By J F (Fred) Robertson

Re-reading the article by Alistair Isdale in Journal 32 on Karangahake School of Mines [see Journal 32: Karangahake School of Mines - E] recalls memories of 60 years ago.

It was in 1931 that I started working in the Martha mine and also attended the School of Mines and still have a note book dated that year. The 30's depression led many to gravitate to the mine, the big employer of those days, some with very good educational qualifications who were grateful to obtain any type of employment. Many adjusted and became good miners, most leaving later as employment opportunities in their own fields again became available. I, along with others, took the opportunity to attend the School of Mines and studied mining and other subjects under tuition from the well respected and able director Mr Viv Morgan. Some who later gained metalliferous certificates became mine managers or underground officials, or moved to overseas positions.

During the war years, and for many years after, I was employed in the coal mining industry in Huntly district and was later appointed an Inspector of Mines and Quarries based in Greymouth. At that time there were six inspectors with the Mines Department, plus a Chief Inspector based in Wellington. Of the seven, five had gained their Mine Manager's Certificates at Waihi School of Mines. Eric Rowe was based in Auckland; Bert McAra in Huntly; Andy Robinson in Palmerston North; myself in Greymouth and Bill McConachie in Dunedin. Mr Alan Palmer a graduate from Otago School of Mines was also based in Dunedin as the Manapouri Power Project was in full swing. Prior to the period I quote, there had been two other Inspectors with the Mines Department, Alec Waite (Palmerston North) and Lance Fallon (Greymouth), both graduates from Waihi School of Mines.

Credit in the first instance, for what would appear to be an unbeatable record for any School of Mines, without any chance of being repeated, should surely be given to the teachings of the director and teachers of those times.

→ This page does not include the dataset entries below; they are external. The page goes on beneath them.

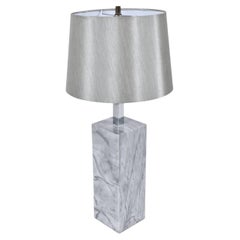 Vintage Nessen Style Gray Marble Table Lamp with Chrome Neck and Silver Shade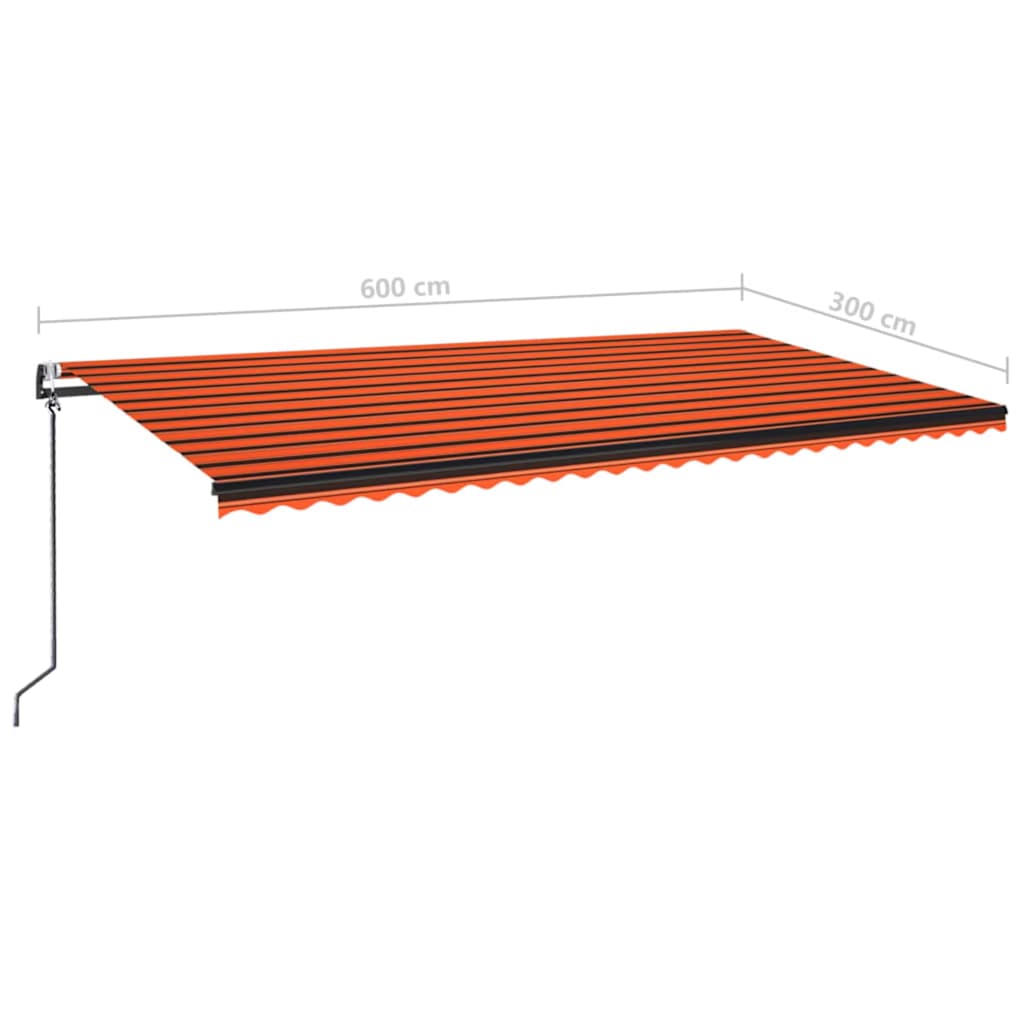 markise m. LED + vindsensor 600x300 cm automatisk orange/brun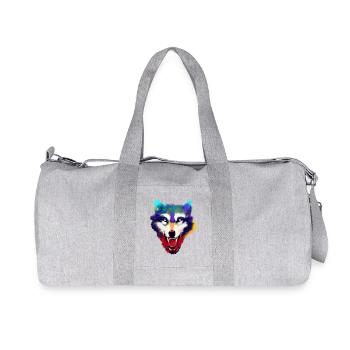 Wolfskopf Bunt Aquarell - Recycelte Canvas-Sporttasche von Stanley/Stella - Grau meliert - Vorne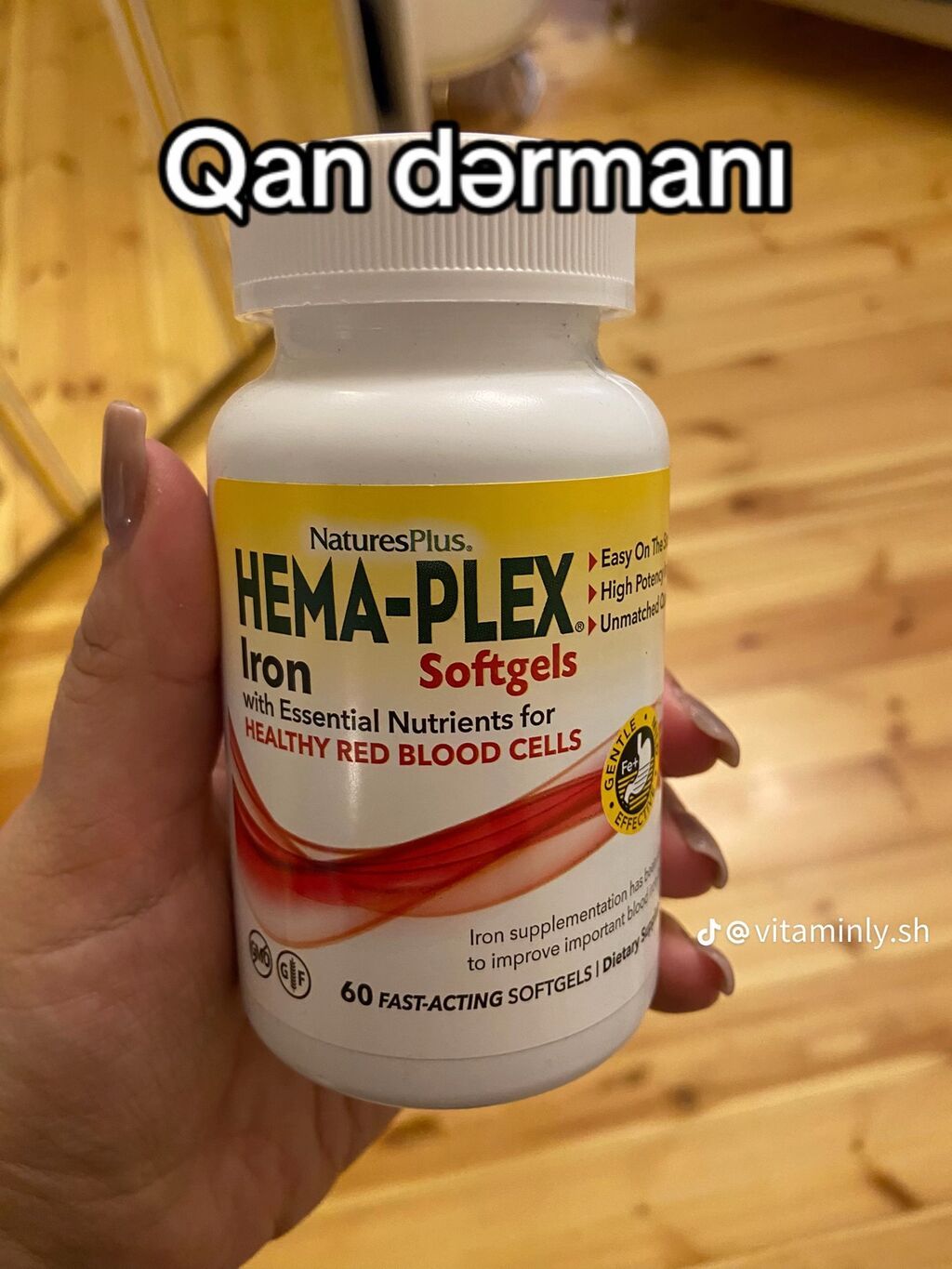 NaturesPlus Hema-plex Iron Softgels – qırmızı qan hüceyrələrinin — Vitaminlər və qida əlavələri, Gəncə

Continuing the re-calling of my time associated with the Martha Mine, I since puzzled over why so many gold miners had 'nick' names, but very few coal miners, in proportion, seemed to have acquired them. In employment as an underground official in the coal mines I met many miners but a few years ago could recall about ten with 'nick' names where as at that time could recall about seventy associated with the Martha Mine. Perhaps it was because coal miners and gold miners originated from diverse parts of England nearly two centuries ago with different senses of humour. Some of our readers may have a theory.